いくつかの系統があるのだが、基本は「10円玉をそのまま弾いて、ポケットに入れると景品」か、「パチンコ球やボールを弾いて、ポケットに入れると景品」のタイプ。いずれも、景品が目標。「お菓子専用のクレーンゲーム」もある。これはたまにやったわ。

特になつかしいのは、「ドライブゲーム」。筐体を道路の描かれた絵が動き、ハンドルを操作して車を道路に沿うように動かすもの。これはかなり好きだったので、けっこうやっていた。

この本に掲載されているゲーム機は79種類。メーカー、製造年、サイズ、重さ、消費電力のデータつき。巻末に、これらのゲーム機を置いている場所(だいたい東京圏だが、佐世保にもある。ゲーム機はそんなに複雑な構造ではないと思うが、故障した時や交換部品が必要な時にどうやって対応しているのかはなぞ。

メーカー、ゲーム機を置いている店、ゲーム機ライターのインタビューつき。

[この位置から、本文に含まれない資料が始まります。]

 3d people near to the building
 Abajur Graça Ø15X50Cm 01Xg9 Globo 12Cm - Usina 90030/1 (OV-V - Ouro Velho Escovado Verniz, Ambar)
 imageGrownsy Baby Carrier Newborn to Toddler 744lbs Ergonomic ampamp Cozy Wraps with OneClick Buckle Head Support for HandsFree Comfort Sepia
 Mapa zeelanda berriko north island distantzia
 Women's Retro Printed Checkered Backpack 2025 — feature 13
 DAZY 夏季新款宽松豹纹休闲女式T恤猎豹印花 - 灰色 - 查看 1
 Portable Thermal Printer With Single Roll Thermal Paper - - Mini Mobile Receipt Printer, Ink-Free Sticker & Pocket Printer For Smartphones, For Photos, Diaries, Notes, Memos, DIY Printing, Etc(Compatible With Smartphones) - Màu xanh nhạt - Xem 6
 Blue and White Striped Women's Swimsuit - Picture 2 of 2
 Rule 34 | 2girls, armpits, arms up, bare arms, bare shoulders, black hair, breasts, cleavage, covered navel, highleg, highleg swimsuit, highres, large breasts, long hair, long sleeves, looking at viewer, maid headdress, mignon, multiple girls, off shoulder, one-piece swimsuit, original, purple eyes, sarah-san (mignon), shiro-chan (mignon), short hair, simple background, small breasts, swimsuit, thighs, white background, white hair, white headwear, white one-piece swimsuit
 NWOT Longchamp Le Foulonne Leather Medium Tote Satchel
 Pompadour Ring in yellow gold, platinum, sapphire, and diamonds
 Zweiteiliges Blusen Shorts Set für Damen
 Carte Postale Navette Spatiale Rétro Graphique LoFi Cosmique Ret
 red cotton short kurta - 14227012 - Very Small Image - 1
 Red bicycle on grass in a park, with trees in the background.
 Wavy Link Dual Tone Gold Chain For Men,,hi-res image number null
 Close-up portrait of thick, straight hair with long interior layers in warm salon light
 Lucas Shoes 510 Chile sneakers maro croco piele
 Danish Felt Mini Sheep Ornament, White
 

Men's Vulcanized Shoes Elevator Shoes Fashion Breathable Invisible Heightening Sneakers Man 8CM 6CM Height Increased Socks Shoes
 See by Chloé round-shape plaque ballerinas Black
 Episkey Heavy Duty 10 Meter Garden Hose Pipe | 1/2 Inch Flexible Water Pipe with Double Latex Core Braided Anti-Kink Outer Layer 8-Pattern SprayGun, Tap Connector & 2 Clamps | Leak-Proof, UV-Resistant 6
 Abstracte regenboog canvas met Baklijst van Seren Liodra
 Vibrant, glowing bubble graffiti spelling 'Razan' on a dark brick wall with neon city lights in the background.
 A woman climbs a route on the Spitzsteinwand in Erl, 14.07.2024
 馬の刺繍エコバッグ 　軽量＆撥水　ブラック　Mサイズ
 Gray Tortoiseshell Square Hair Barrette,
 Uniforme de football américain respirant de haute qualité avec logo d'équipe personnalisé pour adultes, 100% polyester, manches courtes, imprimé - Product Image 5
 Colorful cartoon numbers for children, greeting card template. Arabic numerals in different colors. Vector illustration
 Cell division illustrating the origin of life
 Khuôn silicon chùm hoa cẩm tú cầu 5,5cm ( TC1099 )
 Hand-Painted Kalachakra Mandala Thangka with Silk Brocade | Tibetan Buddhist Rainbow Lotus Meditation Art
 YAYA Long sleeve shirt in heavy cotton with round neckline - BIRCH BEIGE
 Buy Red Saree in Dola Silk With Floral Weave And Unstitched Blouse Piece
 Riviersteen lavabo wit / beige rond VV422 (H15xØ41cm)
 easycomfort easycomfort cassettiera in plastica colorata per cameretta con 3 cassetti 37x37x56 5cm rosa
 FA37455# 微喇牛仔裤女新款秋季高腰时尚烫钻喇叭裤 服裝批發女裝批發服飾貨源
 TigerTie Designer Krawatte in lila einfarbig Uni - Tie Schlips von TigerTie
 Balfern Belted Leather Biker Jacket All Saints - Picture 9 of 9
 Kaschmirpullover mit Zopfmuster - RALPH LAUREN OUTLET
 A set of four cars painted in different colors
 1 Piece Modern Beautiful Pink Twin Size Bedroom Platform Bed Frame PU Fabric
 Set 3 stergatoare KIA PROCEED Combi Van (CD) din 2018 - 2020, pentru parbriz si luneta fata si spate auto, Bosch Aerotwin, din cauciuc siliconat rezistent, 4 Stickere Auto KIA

これも貴重なもの。ここに書かれているのだが、ビデオゲームは基盤を保存しているマニアがたくさんいるのだが、ビデオゲーム以前のゲーム機は筐体ごと保存していなければいけないので、場所をとるし、大変なのだ。駄菓子屋ゲーム博物館、行きたい。佐世保にも。

筐体が大きなゲーム(数人が同時にプレイできる潜水艦ゲームとか)はさずがにもうないのかなあ。こんな本が2015年に出ていることそのものが奇跡のようなことなのだが。